LOUISVILLE, Ky. — Disappointing is the only way I can describe the scene on the first tee Friday morning. I remember what it was like two years ago at the K Club. The roar of the crowd when local hero Darren Clarke, whose wife had recently passed away, walked from the putting green to the first tee was deafening, like nothing I've ever heard on a golf course anywhere. I get goose bumps just recalling it.
So I guess I was expecting too much when Kenny Perry finally appeared before his fellow Kentuckians. The front nine at Valhalla is wide open, and the area around the first tee is devoid of trees. Plus, the grandstand behind the tee is Lilliputian compared to the monsters the Euros erect on their courses. So it was a smaller crowd.
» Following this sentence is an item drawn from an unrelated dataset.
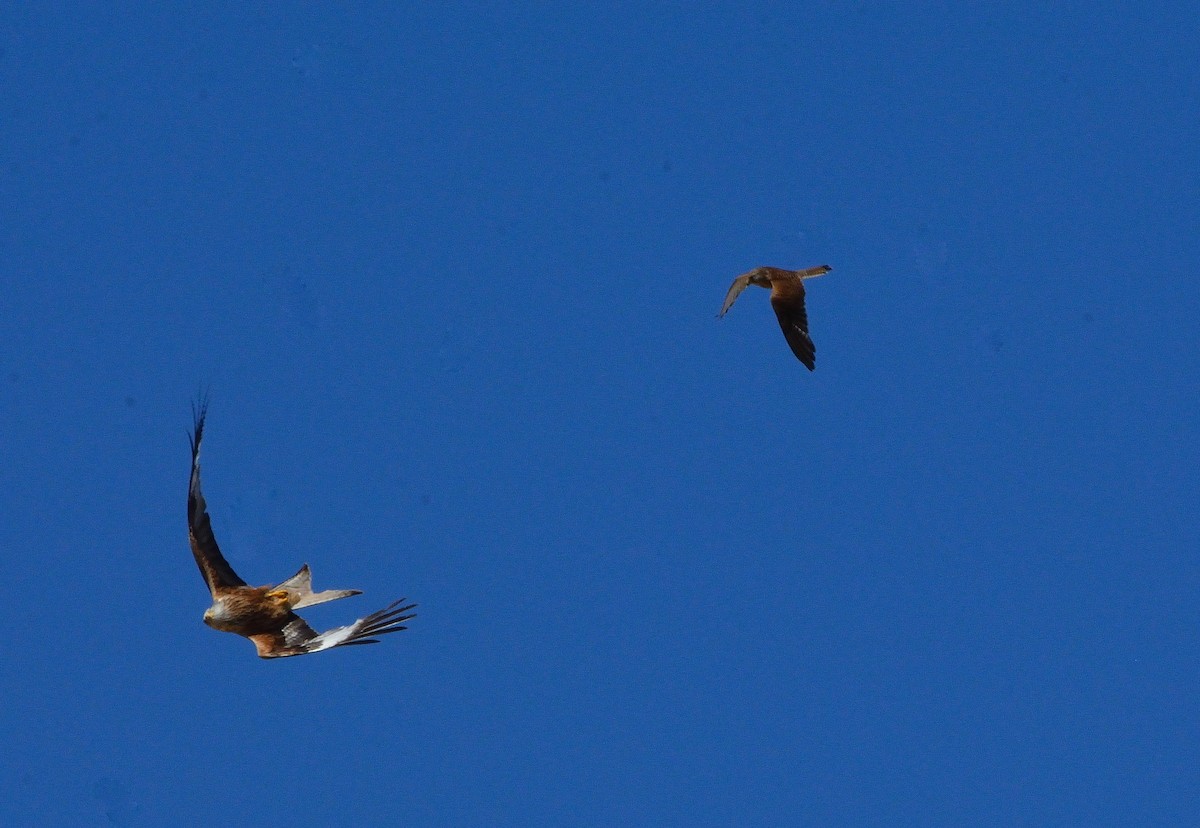 Eurasian Kestrel - ML638143052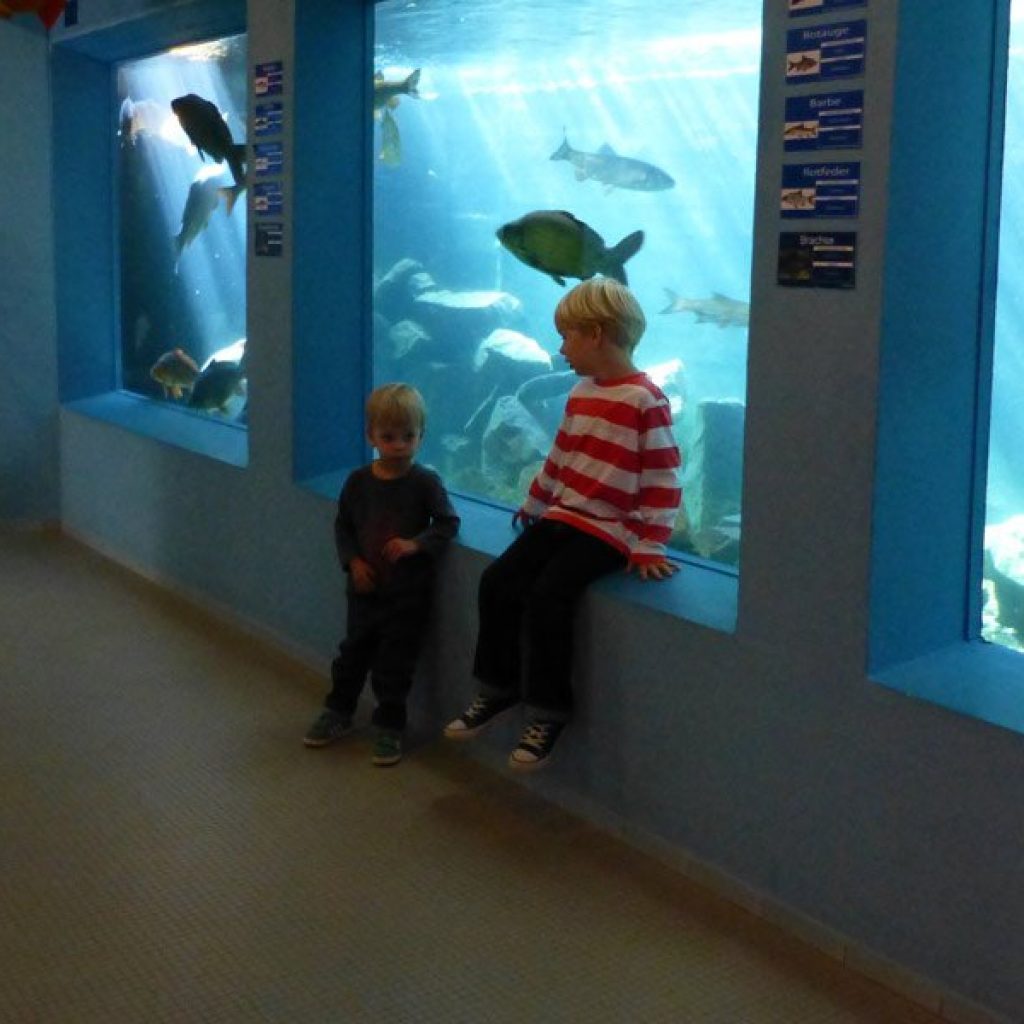 kideaz activite sport et loisirs aquarium wasserbilling 02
They were enthusiastic, yes, and as loud as they could be. But it wasn't deafening. And if I were a European player, I wouldn't have felt remotely intimidated. As Perry approached the tee ground, fans were chanting "U-S-A! U-S-A!" They quickly switched to singing their hero's name in a high-note-low-note singsong--"Ken-nee Pair-ree! Ken-nee Pair-ree!" Jim Furyk, his partner, began waving his hands with his index fingers stretched out, like he was conducting the choir.
Perhaps the cheers would've been even louder if Perry had hit the opening tee ball in the alternate shot match, but that honor went to Lee Westwood for the Euros, and then Furyk for the Americans.
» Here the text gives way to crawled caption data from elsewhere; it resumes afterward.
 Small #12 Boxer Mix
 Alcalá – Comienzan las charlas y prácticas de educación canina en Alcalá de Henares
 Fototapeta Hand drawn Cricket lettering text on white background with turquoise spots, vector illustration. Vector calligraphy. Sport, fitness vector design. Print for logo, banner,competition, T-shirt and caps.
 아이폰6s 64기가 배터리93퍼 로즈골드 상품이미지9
It was a nice moment, it was a memorable moment. But it was far from deafening. A surprising number of European followers were in the stands, too, and they seemed more vocal. Give them points for originality, too. In the crowds milling about the hillside right of the tee and the first fairway, a half dozen Euro followers appeared in full matador costumes of bright red and black with the little black hats. Impressive. Another fan I talk to said I'd just missed an earlier group (probably following Padraig Harrington) dressed as leprechauns.
Maybe I set the bar too high after the K Club. I really thought the Kentuckians would blow the roof off this place, but they didn't. Whether it was the volume or how the Americans played the easy opening hole (three of the four groups missed the green in regulations), it felt the same--disappointing.